BANGKOK
A former Thai commerce minister and a deputy-commerce minister were charged in absentia with corruption and malfeasance Tuesday in relation to an alleged bogus sale of rice stock to China.
Boonsong Teriyapirom and Poom Sarapol -- both members of the Yingluck Shinawatra government, overthrown in a coup last year -- were charged alongside 19 other people, including high-ranking civil servants and owners of trading companies, reported the Bangkok Post.
They face life in prison and total fines of $1 billion if sentenced. None of the accused was present for the arraignment.
The 21 are accused of having colluded between September 2011 and February 2013 to sell five millions tons of rice bought by the government under a controversial rice-subsidies scheme to two Chinese companies.
In its decision, the Thai Supreme court said that neither company was authorized to buy the rice by the Chinese government, and the sale did not fit government regulations governing competitive bidding.
At the time, the deal was touted by the Yingluck government -- deeply embarrassed by the more than 15 million tons of rice it had accumulated under the program remaining in storage -- as a major success.
Supreme court judges will review the documents and decide by April 20 if they will accept the case.
This arraignment is the latest in a long series of legal cases filed against the Yingluck government in relation to the loss-ridden rice-subsidies scheme.
Last January, Yingluck was retroactively impeached for dereliction of duty and banned from political activities for five years by the military-appointed National Assembly. She was accused of not having stopped the scheme while aware of the massive financial losses it caused to the state.
The anti-corruption commission also filed in January a criminal case against her, based on the same charges, which could send her to jail for up to ten years.

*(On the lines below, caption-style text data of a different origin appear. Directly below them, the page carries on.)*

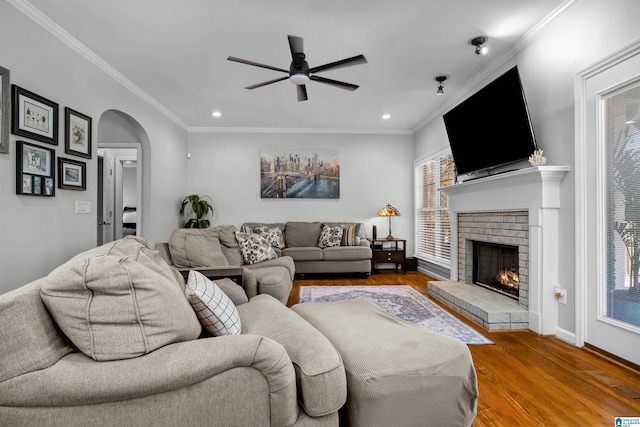 living area featuring arched walkways, a fireplace, wood finished floors, and a healthy amount of sunlight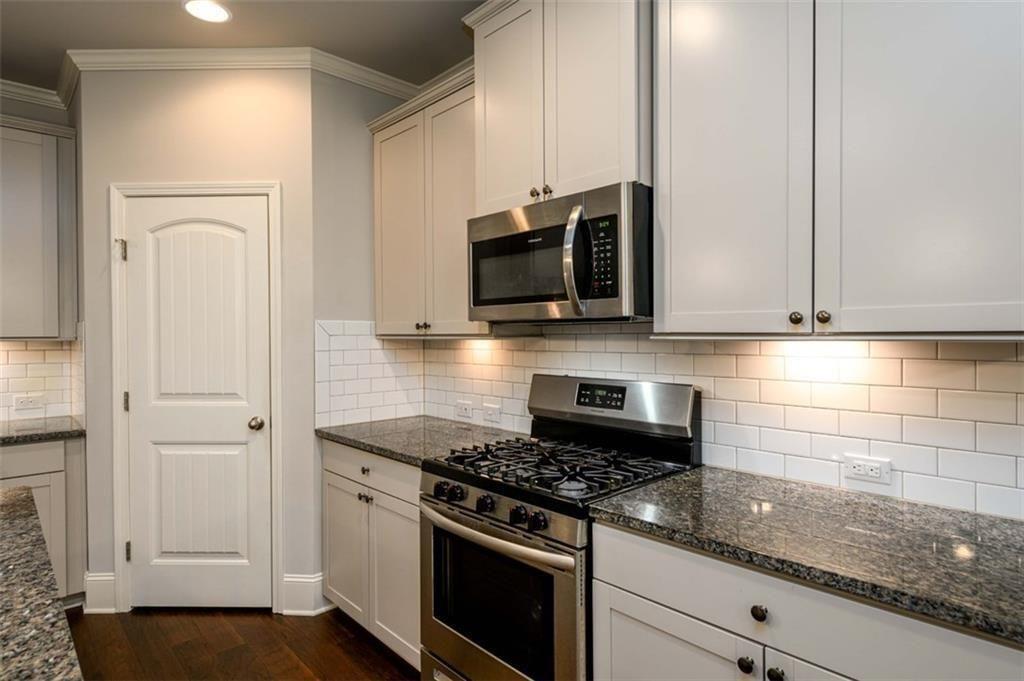 6622 Trailblazer Road Flowery Branch, GA 30542 - Photo 13 of 51 a kitchen with stainless steel appliances granite countertop white cabinets and a stove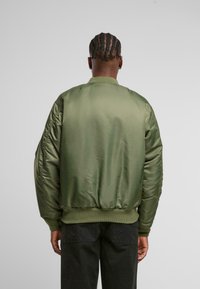 Giacca bomber verde in satin con polsini e vita a coste; presenta maniche imbottite e una superficie liscia e lucida.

And in February, the commission announced it will recommend the finance ministry file a civil suit against her for "$18 billion of financial losses" caused by the rice-subsidies scheme.
Critics of the rice-subsidies scheme say it provoked huge financial losses for the state, was run without transparency and opened the door for massive corruption.
In November, the Thai Finance Ministry said that the losses caused by the program amounted to $15.8 billion since July 2011, when Yingluck was elected PM.